The seats were trimmed in a rugged looking textured leather feels great and appears sturdy enough to wear long. If you have the correct spec phone, you can charge it wirelessly on the little inductive charging pad just behind the shifter and in front of the center console. The instrumentation is complete, clear, and easy to read, plus lots of storage cubby space inside. A well thought out, safe, and comfy cabin.
And what fun, and what a joy to drive, and its not just quick, its actually fast. The new V-6 emits a happy snarl, but is dead quiet on the low rpm cruise. And the new 9-speed autobox offers a ratio for every occasion, and always keeps the engine in the smart part of its powerband; this trans reads your right foot perfectly summoning up or downshifts as you direct, and of course you can shift it manually if you wish, but there’s hardly a need.
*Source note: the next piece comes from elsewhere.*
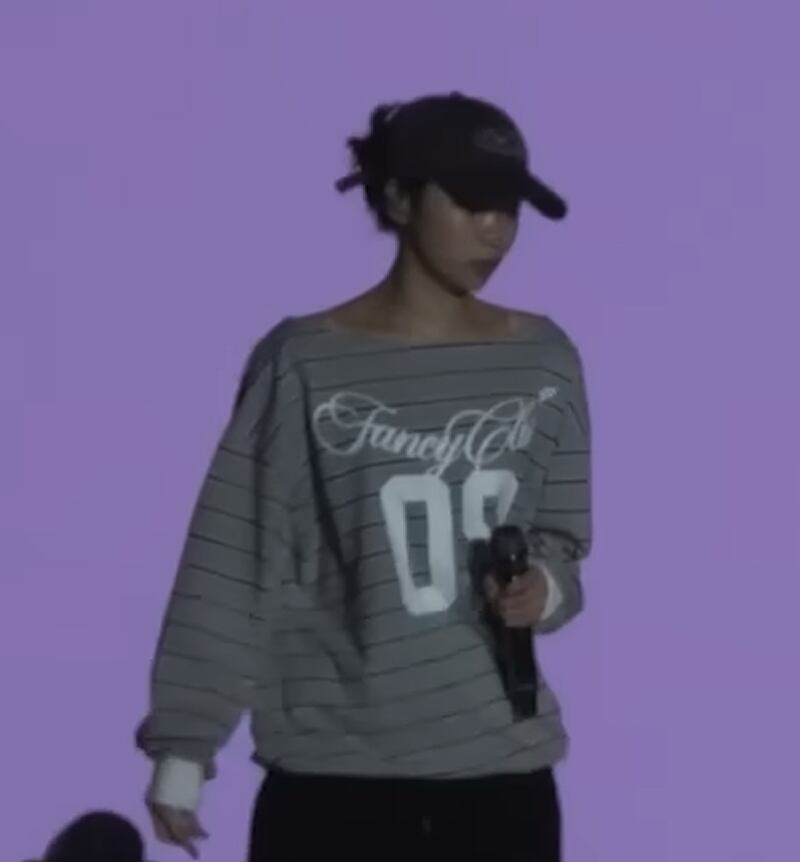★LE SSERAFIM チェウォン 着用！！【FANCY CLUB】Stripe One Shoulder Sweatshirt (GRAY)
This new motor has some steam too, lots of grunt at low rpm or higher, and always smooth and eager. Forget a V-8, you won’t need one here.
The PRO-X trim level is a combination of appearance, convenience, and performance hardware that’s well worth the asking price. My tester also had the optional off road style step rails and Sport bar in the bed — both handsome, rugged, well finished, and sturdy looking pieces. The 17-inch PRO alloy wheels look great, and mount beefy all-terrain tires. In spite of not being a 4WD model (which Nissan also offers) there’s enough meaningful off-road packaging here that unless you’re doing the most serious rock-hopping, you won’t feel insecure taking this rig out and getting it a bit dirty. The bed offered a couple of worth surprises too — you’ll never get caught in the dark, so to speak, and the bed is ripe with several LED lights that light up the cargo area on demand or when unlocking. Plus we appreciate the 110 volt power port too — perfect to charge up those electronics or run those power tools. Thoughtful, and value added.
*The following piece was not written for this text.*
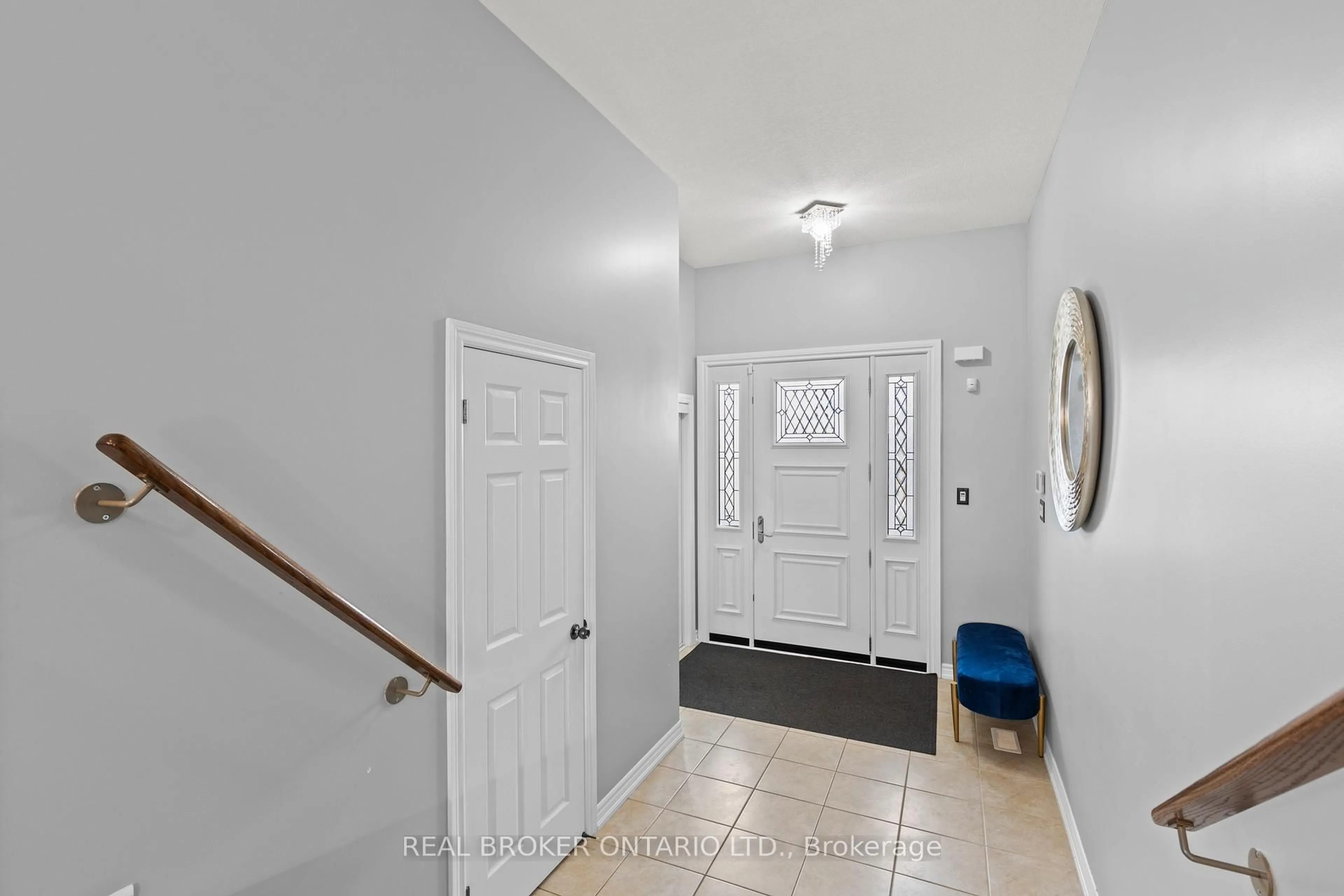 Indoor entryway for 14 Carroll Lane, Brantford Ontario N3T 5L5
The Frontier rides and handles smartly too, with well controlled body motions, and much less heaving and “porpoising” than the previous Frontier chassis tended to exhibit. It’s all quite tight too, with nary a squeak nor rattle to be found, or coaxed out of it, no matter the road, or lack of road, conditions. Great strong brakes too.
Complaints? Not much to gripe about here. The steering is meaty and feelsome in your hand, and nicely telegraphs what’s happening beneath the tires to the drive, however, and slower and packing speeds, some drivers may tend to find the steering a bit heavy. Also, that great looking Sport Bar rack in the front half of the bed also whistles a little bit at freeway speeds.
I’d enjoy the chance to have them in the same corral and be able to do a legit back to back comparison with the new Frontier’s competitive set to include the Ford Ranger, the GM Canyarado twins, and the ever competitive Tacoma, which was also thoroughly refreshed just a model year back.
All said and done, this new Frontier appears a winner. Its been meaningfully re engineered and contended, and does everything well. If you liked your old Frontier, you’ll really love the new one, and if you are shopping this segment, I suggest you now include the Frontier on your list, as its a fully competitive player, and an outstanding one at that.